Last time I checked, expressing doubt as to any theory, and then trying to disprove that theory, was part of the scientific method--not a violation of the criminal code. But never mind that, we have important criminal accusations to consider.

So, what are crimes against humanity and nature anyway? Article 7 § 1 of the Rome Statute of the International Criminal Court defines crimes against humanity as:

any of the following acts when committed as part of a widespread or
systematic attack directed against any civilian population, with knowledge of
the attack:

(a) Murder;
(b) Extermination;
(c) Enslavement;
(d) Deportation or forcible transfer of population;
(e) Imprisonment or other severe deprivation of physical liberty in
violation of fundamental rules of international law;
(f) Torture;
(g) Rape, sexual slavery, enforced prostitution, forced pregnancy, enforced
sterilization, or any other form of sexual violence of comparable gravity;
(h) Persecution against any identifiable group or collectivity on
political, racial, national, ethnic, cultural, religious, gender as defined in
paragraph 3, or other grounds that are universally recognized as impermissible
under international law, in connection with any act referred to in this
paragraph or any crime within the jurisdiction of the Court;
(i) Enforced disappearance of persons;
(j) The crime of apartheid;
(k) Other inhumane acts of a similar character intentionally causing great
suffering, or serious injury to body or to mental or physical health.

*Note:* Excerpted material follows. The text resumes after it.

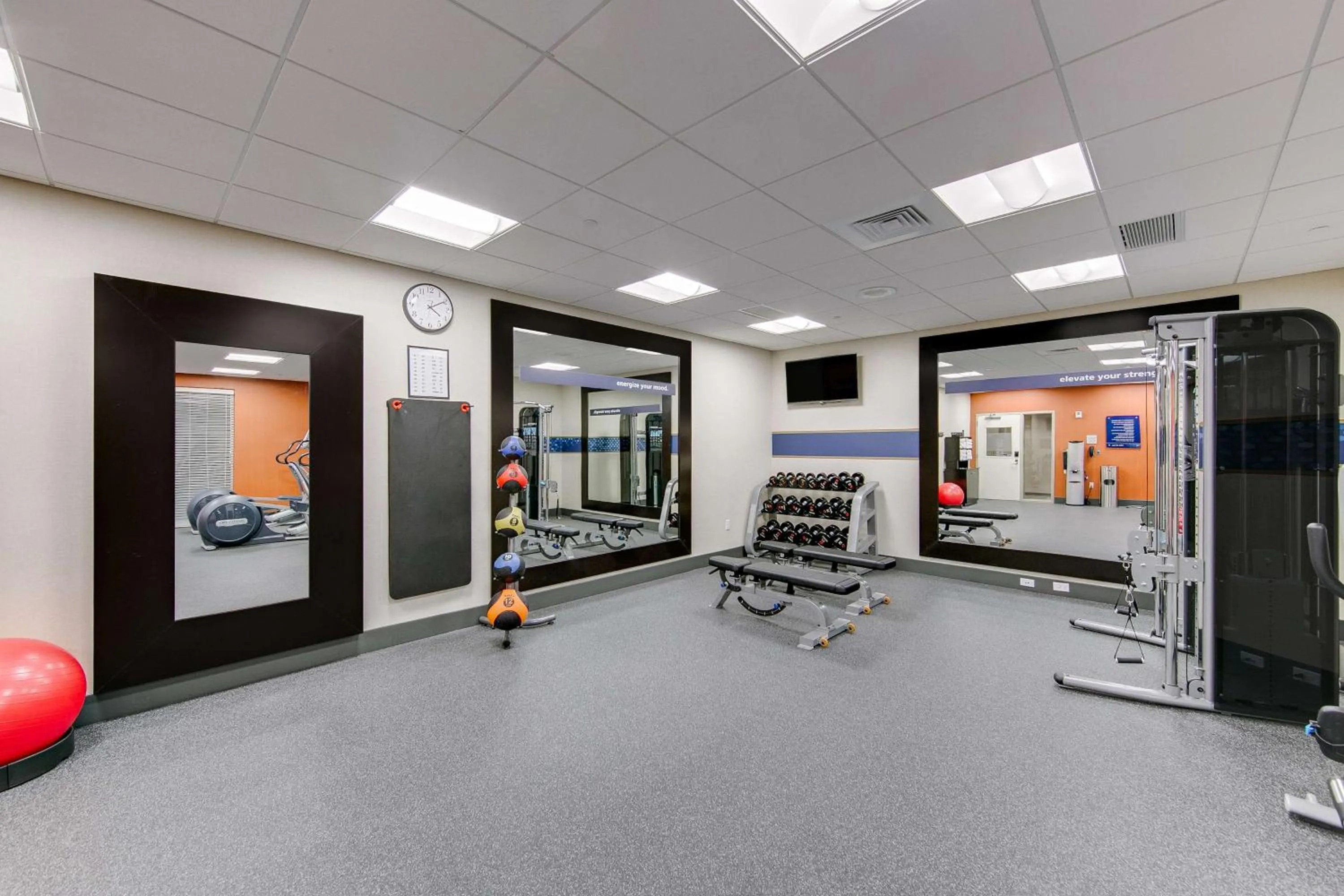 Fitness centre/facilities in Hampton Inn & Suites North Houston Spring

Strangely, it says nothing about climate at all. Even if it did, Global Warming might be widespread, but could hardly be called a systematic attack upon any civilian population by oil company executives from the lawful operation of their businesses.

That leaves crimes against nature. Crimes against nature are not international crimes at all. They are generally part of state law. They forbid things like masturbation, oral sex, and sodomy. After the Supreme Court’s opinion in Lawrence v. Texas, 539 U.S. 558 (2003), most of the so called crimes against nature are unconstitutional as they violate our fundamental right to privacy. Of course, bestiality and necrophilia are both still forbidden, but Global Warming just does not seem to fit into this category does it? Then again, perhaps it does.

It seems the oil companies have violated neither international nor domestic law with their pernicious doubts about Global Warming. Of course, this is not the real problem here. The particular criminal charge does not matter so long as we can find one that will work to silence these doubters once and for all.

Generally speaking, true scientists want a lot of doubt expressed about their theories. They want the whole scientific community to have a go at them, and, if they still stand up, undamaged, at the end of the day the whole world is likely to embrace them. Such is not the case with Global Warming, though. Almost any rational person can manage to find considerable holes in the Global Warming theories. A scientist would say this means it requires more research and study.

Dr. Hansen and his ilk, however, remind us that this is about more than just science or law: it is about moral goodness. More research and more study takes time. Persuading lawmakers to act takes even longer. But we know what is evil now. Global Warming is evil. Those who doubt it are evil. There are many of them out there—doubting—and they are getting away with it!

There was once a time when our legal system would have accommodated such thinking. Indeed, both Church and State tried for a long while to prosecute irritating “doubters” for insufficient belief. Back then, though, we did not use those words. Instead, we used words like Inquisition, heretics, and blasphemy. The system had a splendid effect upon morality, but apparently science lagged a bit. We called that time the Dark Ages. Ironically, today, any government that tried to manage belief in such a way would be prosecuted for crimes against humanity. See supra, Article 7 § 1(h).